Work instruction: Print every entry exactly as written.

Stored records:
■ ■ ■ ■ ■ ■ ■

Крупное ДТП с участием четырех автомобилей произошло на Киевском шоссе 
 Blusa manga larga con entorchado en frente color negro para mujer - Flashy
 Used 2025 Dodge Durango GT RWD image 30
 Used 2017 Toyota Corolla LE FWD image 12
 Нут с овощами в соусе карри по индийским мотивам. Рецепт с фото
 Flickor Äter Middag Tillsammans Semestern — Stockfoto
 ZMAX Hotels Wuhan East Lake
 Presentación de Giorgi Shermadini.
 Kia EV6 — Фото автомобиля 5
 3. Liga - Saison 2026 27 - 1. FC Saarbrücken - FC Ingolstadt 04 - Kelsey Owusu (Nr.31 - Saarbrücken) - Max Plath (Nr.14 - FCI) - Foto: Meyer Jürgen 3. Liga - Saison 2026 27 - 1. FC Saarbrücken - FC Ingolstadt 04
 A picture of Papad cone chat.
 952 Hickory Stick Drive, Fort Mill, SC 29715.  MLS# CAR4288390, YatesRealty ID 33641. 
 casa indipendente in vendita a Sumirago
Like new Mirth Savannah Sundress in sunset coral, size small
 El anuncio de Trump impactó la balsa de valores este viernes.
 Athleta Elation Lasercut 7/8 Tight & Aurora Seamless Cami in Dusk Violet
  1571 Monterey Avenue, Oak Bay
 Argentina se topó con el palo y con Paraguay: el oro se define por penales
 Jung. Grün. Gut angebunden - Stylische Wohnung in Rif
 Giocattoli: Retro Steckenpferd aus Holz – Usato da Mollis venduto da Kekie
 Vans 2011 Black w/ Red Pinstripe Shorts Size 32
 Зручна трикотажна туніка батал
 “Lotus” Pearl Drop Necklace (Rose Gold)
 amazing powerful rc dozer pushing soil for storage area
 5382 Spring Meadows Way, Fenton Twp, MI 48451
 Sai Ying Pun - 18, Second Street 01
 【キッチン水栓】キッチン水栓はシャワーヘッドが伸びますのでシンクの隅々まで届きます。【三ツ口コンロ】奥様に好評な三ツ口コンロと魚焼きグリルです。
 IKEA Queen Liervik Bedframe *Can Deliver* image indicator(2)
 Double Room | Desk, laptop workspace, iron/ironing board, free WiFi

■ ■ ■ ■ ■ ■ ■

Result of this exercise:
Крупное ДТП с участием четырех автомобилей произошло на Киевском шоссе 
 Blusa manga larga con entorchado en frente color negro para mujer - Flashy
 Used 2025 Dodge Durango GT RWD image 30
 Used 2017 Toyota Corolla LE FWD image 12
 Нут с овощами в соусе карри по индийским мотивам. Рецепт с фото
 Flickor Äter Middag Tillsammans Semestern — Stockfoto
 ZMAX Hotels Wuhan East Lake
 Presentación de Giorgi Shermadini.
 Kia EV6 — Фото автомобиля 5
 3. Liga - Saison 2026 27 - 1. FC Saarbrücken - FC Ingolstadt 04 - Kelsey Owusu (Nr.31 - Saarbrücken) - Max Plath (Nr.14 - FCI) - Foto: Meyer Jürgen 3. Liga - Saison 2026 27 - 1. FC Saarbrücken - FC Ingolstadt 04
 A picture of Papad cone chat.
 952 Hickory Stick Drive, Fort Mill, SC 29715.  MLS# CAR4288390, YatesRealty ID 33641. 
 casa indipendente in vendita a Sumirago
Like new Mirth Savannah Sundress in sunset coral, size small
 El anuncio de Trump impactó la balsa de valores este viernes.
 Athleta Elation Lasercut 7/8 Tight & Aurora Seamless Cami in Dusk Violet
  1571 Monterey Avenue, Oak Bay
 Argentina se topó con el palo y con Paraguay: el oro se define por penales
 Jung. Grün. Gut angebunden - Stylische Wohnung in Rif
 Giocattoli: Retro Steckenpferd aus Holz – Usato da Mollis venduto da Kekie
 Vans 2011 Black w/ Red Pinstripe Shorts Size 32
 Зручна трикотажна туніка батал
 “Lotus” Pearl Drop Necklace (Rose Gold)
 amazing powerful rc dozer pushing soil for storage area
 5382 Spring Meadows Way, Fenton Twp, MI 48451
 Sai Ying Pun - 18, Second Street 01
 【キッチン水栓】キッチン水栓はシャワーヘッドが伸びますのでシンクの隅々まで届きます。【三ツ口コンロ】奥様に好評な三ツ口コンロと魚焼きグリルです。
 IKEA Queen Liervik Bedframe *Can Deliver* image indicator(2)
 Double Room | Desk, laptop workspace, iron/ironing board, free WiFi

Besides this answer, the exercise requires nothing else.